**Given records:**
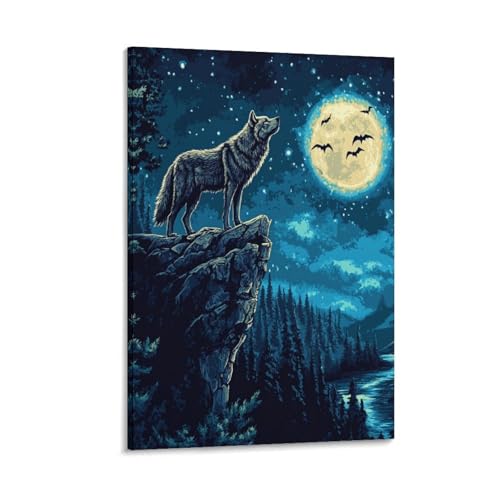 Loup murale décoration peinture sur toile moderne pour design salon 30x45cm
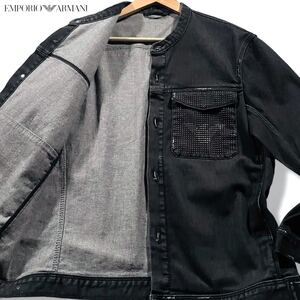 極美品/Lサイズ●エンポリオ アルマーニ デニムジャケット ジージャン EMPORIO ARMANI ストレッチ イーグルロゴ スタッズ ストーン 54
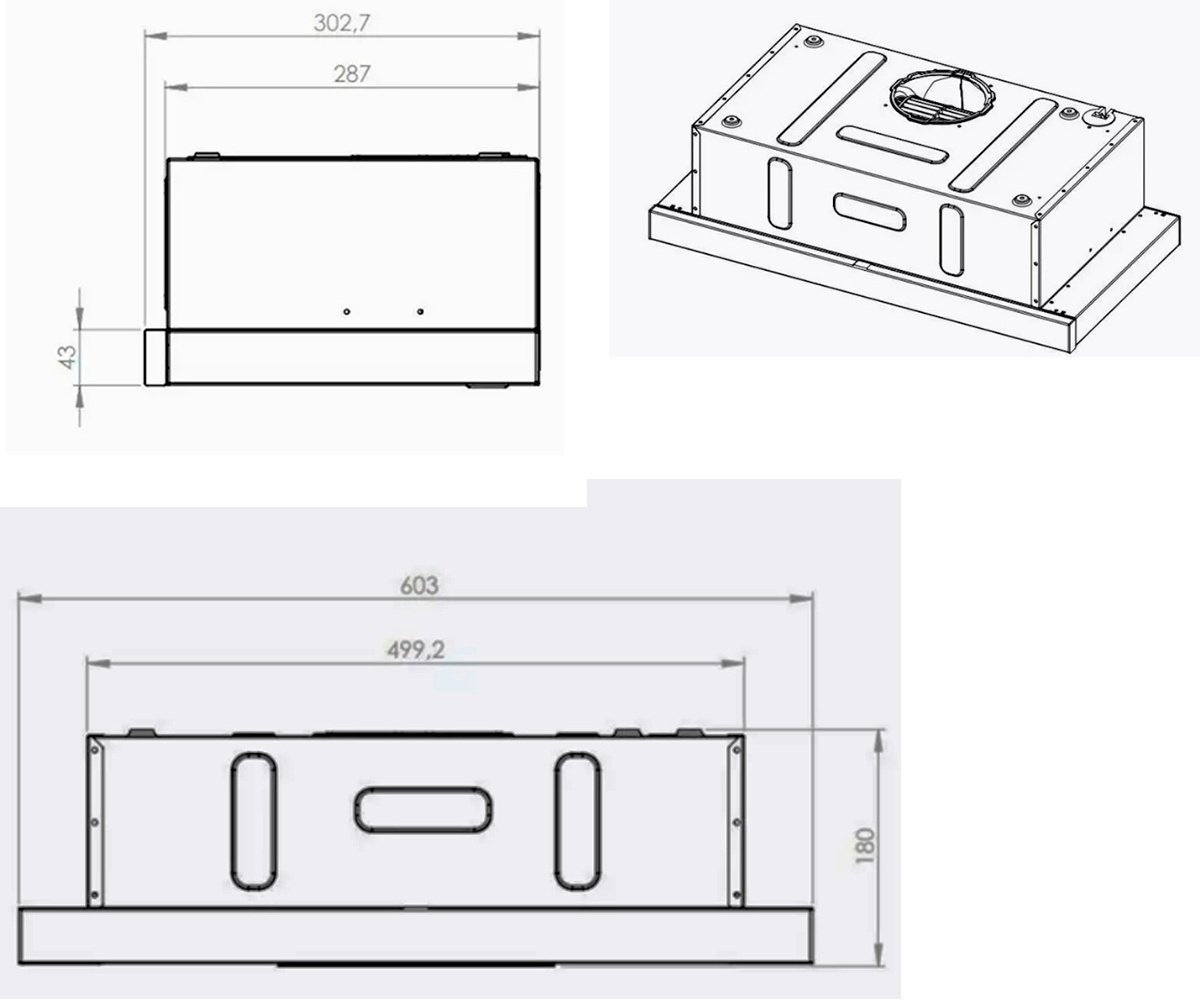 Вытяжка HAUSLER HTS-60-BK-130W черный купить,35657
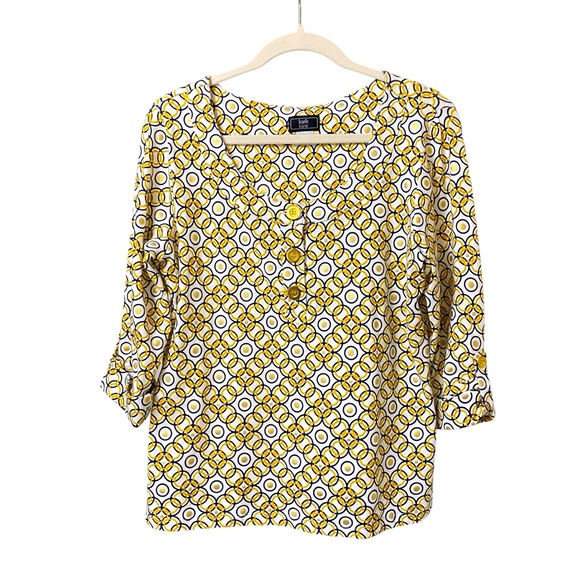 Lark lane multicolored circle abstract design print artsy blouse size medium - Picture 1 of 12
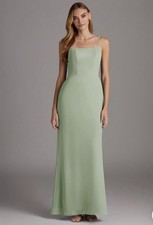 Azazie Tayla Floor Length Chiffon Sheath Dress Size A2 Eucalyptus Bridesmaid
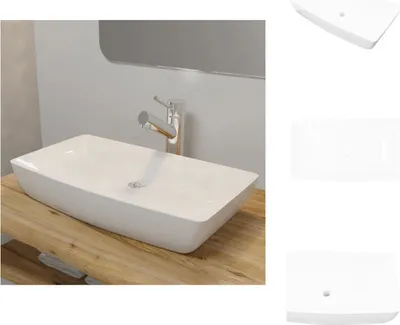Produktbild von Keramik Waschtisch Waschbecken Rechteckig Weiß 71 x 39 cm - Badezimmer-Waschbecken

**Work to complete:** The job is to set down the whole listing exactly, excluding any images.

**Answer to this exercise:**
 Loup murale décoration peinture sur toile moderne pour design salon 30x45cm
 極美品/Lサイズ●エンポリオ アルマーニ デニムジャケット ジージャン EMPORIO ARMANI ストレッチ イーグルロゴ スタッズ ストーン 54
 Вытяжка HAUSLER HTS-60-BK-130W черный купить,35657
 Lark lane multicolored circle abstract design print artsy blouse size medium - Picture 1 of 12
 Azazie Tayla Floor Length Chiffon Sheath Dress Size A2 Eucalyptus Bridesmaid
Produktbild von Keramik Waschtisch Waschbecken Rechteckig Weiß 71 x 39 cm - Badezimmer-Waschbecken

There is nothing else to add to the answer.